Prerequisites: You'll need to know a bit of Python. For a refresher, see the Python tutorial.

Overview

The coola.summary package provides a type-based system for generating formatted string representations of Python objects, with special support for nested data structures.
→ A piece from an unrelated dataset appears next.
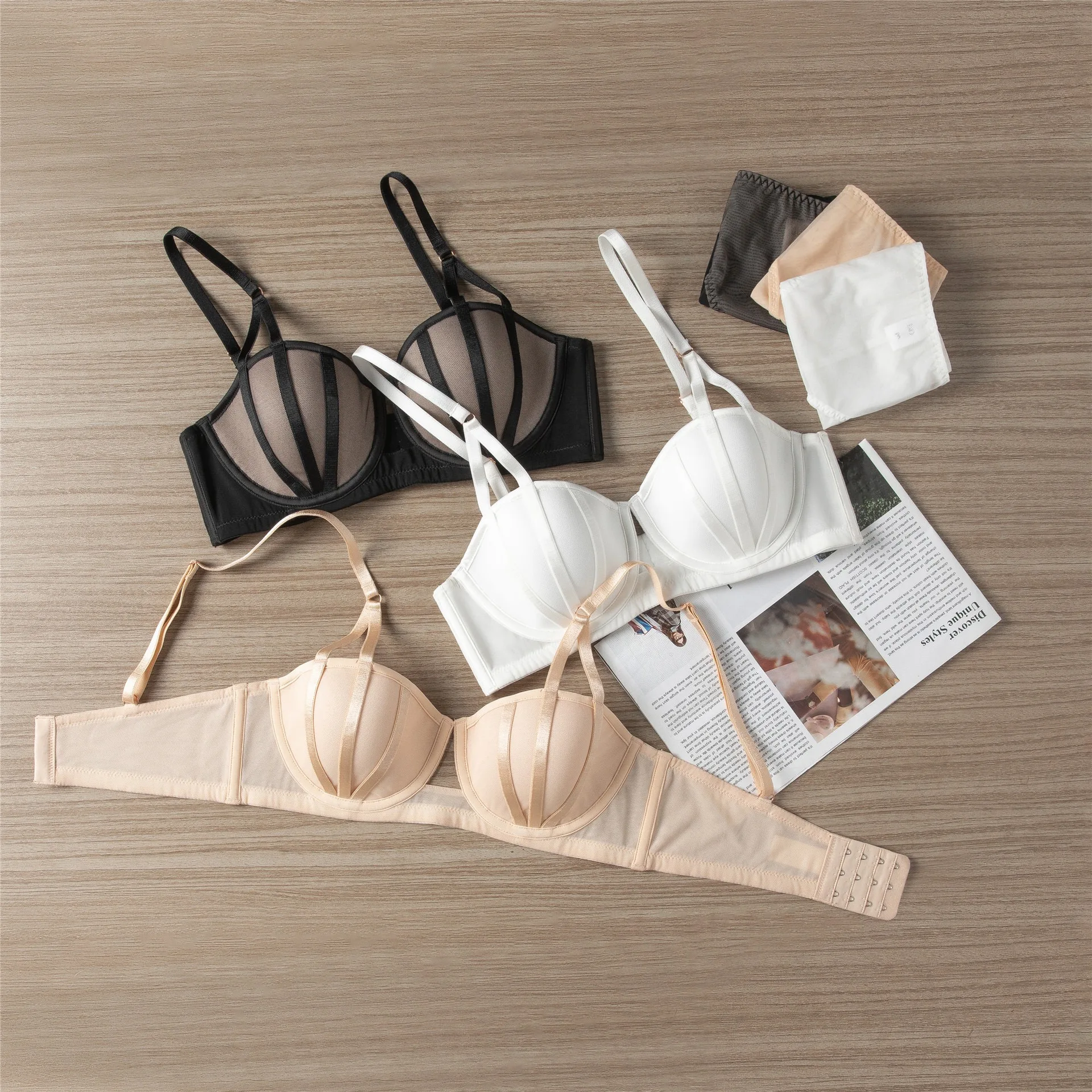 

Sexy lace underwear set contrast color women's big breasts show small gathered bra top support anti sagging large size bra set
Unlike Python's built-in repr() or str(), this package offers:

  • Configurable depth control: Limit how deep nested structures are expanded
  • Type-specific formatting: Different types are formatted according to their structure
  • Truncation support: Limit the number of items shown in collections
  • Extensibility: Register custom summarizers for your own types
  • Automatic type dispatch: Automatically selects the right summarizer based on type

This is particularly useful for debugging, logging, and displaying complex data in a readable format without being overwhelmed by deeply nested or large structures.

Basic Usage

The summarize() Function

The simplest way to create a summary is using the summarize() function:

>>> from coola.summary import summarize
>>> print(summarize({"a": 1, "b": "abc"}))
<class 'dict'> (length=2)
  (a): 1
  (b): abc

The function automatically detects the type of data and formats it appropriately.

Simple Values

For simple scalar values, the summary shows the type and value:

>>> from coola.summary import summarize
>>> print(summarize(42))
<class 'int'> 42
>>> print(summarize(3.14159))
<class 'float'> 3.14159
>>> print(summarize("hello"))
<class 'str'> hello
>>> print(summarize(True))
<class 'bool'> True

Lists and Tuples

Sequences are displayed with their type, length, and indexed items:

>>> from coola.summary import summarize
>>> print(summarize([1, 2, 3, 4, 5]))
<class 'list'> (length=5)
  (0): 1
  (1): 2
  (2): 3
  (3): 4
  (4): 5

Tuples work the same way:

>>> from coola.summary import summarize
>>> print(summarize((10, 20, 30)))
<class 'tuple'> (length=3)
  (0): 10
  (1): 20
  (2): 30

Dictionaries

Dictionaries show their type, length, and key-value pairs:

>>> from coola.summary import summarize
>>> print(summarize({"name": "Alice", "age": 30, "city": "NYC"}))
<class 'dict'> (length=3)
  (name): Alice
  (age): 30
  (city): NYC

Sets

Sets display their type, length, and elements:

>>> from coola.summary import summarize
>>> print(summarize({1, 2, 3, 4, 5}))
<class 'set'> (length=5)
  (0): 1
  (1): 2
  (2): 3
  (3): 4
  (4): 5

Note: Sets are unordered, so the element order in the summary may vary.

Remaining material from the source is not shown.